As shown in FIG. 2, when the PDP 11 is driven, the hybrid circuit module 21 selects corresponding electrodes according to the reset period, the scan period, and the sustain period, and applies an appropriate pulse waveform thereto. Since it generates heat, it is provided with a heat sink 25 attached to one side via a heat dissipating member 23 so as to radiate this heat to be protected from a heat load and to be continuously driven. The hybrid circuit module 21 has a metal substrate 21a which is installed in parallel with the driving circuit board 15 and has a plurality of wiring patterns (not shown) formed through an insulating layer on the substrate 21a. Devices (not shown) may be connected to each other, and the connection structure may be formed with a resin (not shown).

In FIG. 2, the heat dissipating material 23 is shown in a plate shape, which shows a state in which the solid state is solidified between the hybrid circuit module 21 and the heat sink 25 and the two are attached to each other. In the case where the heat sink 25 is attached to the heat sink 25, it is preferable to maintain a liquid phase or a gel phase. The heat shield 23 includes thermal grease, silicone oil, or the like. The liquid or gel thermal grease or silicone heat dissipating material 23 does not flow when applied to one side of the hybrid circuit module 21 or one side of the heat sink 25 facing each other, thereby improving workability. Since it is applied while proceeding from one side of each surface to the other side, it is possible to effectively remove the air layer formed on each surface.

In order to form a more intimate attachment structure between the hybrid circuit module 21 and the heat sink 25, the heat sink 25 and the hybrid circuit module 21 have uneven portions 27 and 29 on their opposite sides, respectively. It can be provided. When attaching the hybrid circuit module 21 and the heat sink 25, the uneven parts 27 and 29 are filled with a liquid or gel heat-dissipating material 23.

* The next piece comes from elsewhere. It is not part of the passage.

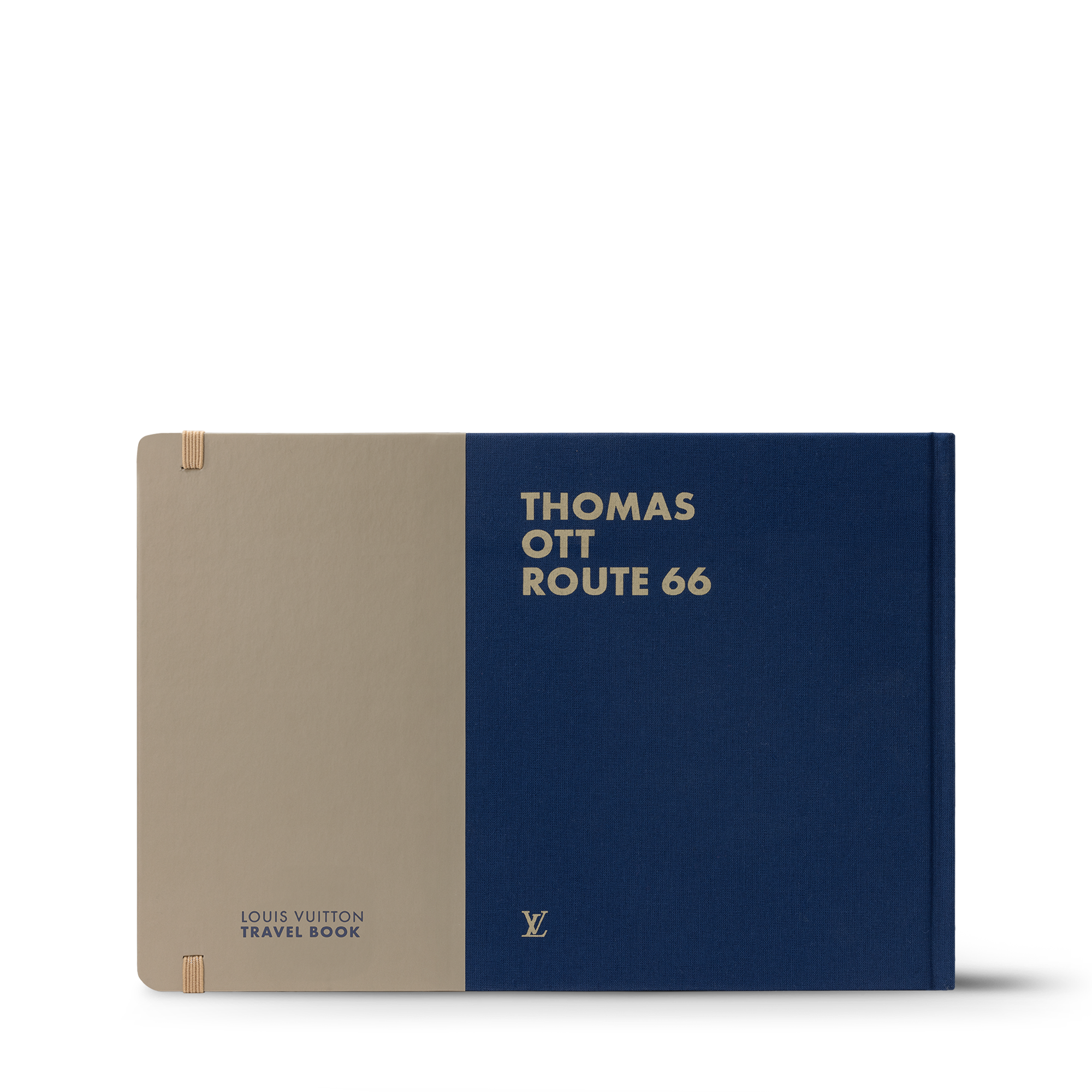 Librería Libro de Viaje Guía de Viaje de la Ruta 66 | Louis Vuitton ® (Ampliar producto)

More specifically, FIG. 3 illustrates that the uneven part 27 is provided at one side of the hybrid circuit module 21. The uneven portion 27 may be formed at one side of the hybrid circuit module 21 opposite to one side of the heat sink 25 when the hybrid circuit module 21 and the heat sink 25 are attached to each other. In other words, the uneven portion 27 is preferably formed on the surface of the metal substrate 21a forming one outer surface of the hybrid circuit module 21. The uneven portion 27 may be formed by sanding the metal substrate 21a with grinding particles to form a constant roughness or by spraying conductive particles, and may be press-processed or rolled into a molding machine having a constant roughness. It may be formed.

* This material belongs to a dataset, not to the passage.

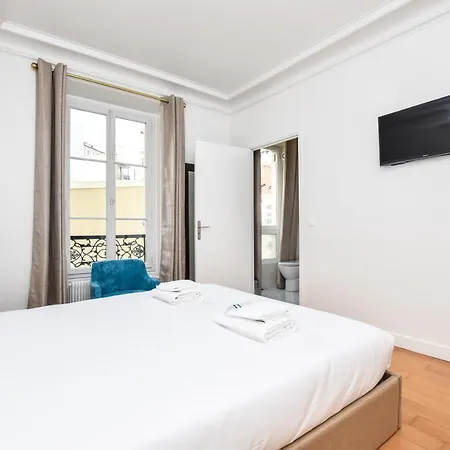 Apartment Cmg - Cosy Appartement - Pereire Champerret *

Applying a liquid or gel heat dissipating material 23 to one side of the hybrid circuit module 21, part of the heat dissipating material 23 is filled in the uneven portion 27 to remove the air remaining therein, and The large surface area is attached to the hybrid circuit module 21. In this state, when the heat sink 25 is disposed on the heat dissipating material 23 and an external force is applied for mutual attachment, the heat dissipating material 23 is formed at one side of the hybrid circuit module 21 including the uneven portion 27. While filling the invisible microcavity on one side of the heat sink 25 opposite thereto, the air layer is removed between the two and forms a close attachment structure. Therefore, the thermal resistance to heat conduction between the hybrid circuit module 21 and the heat sink 25 is minimized, so that heat generated in the hybrid circuit module 21 is transferred to the heat sink 25 more quickly. In this case, the hybrid circuit module 21 side forms a tighter attachment structure than the heat sink 25 side.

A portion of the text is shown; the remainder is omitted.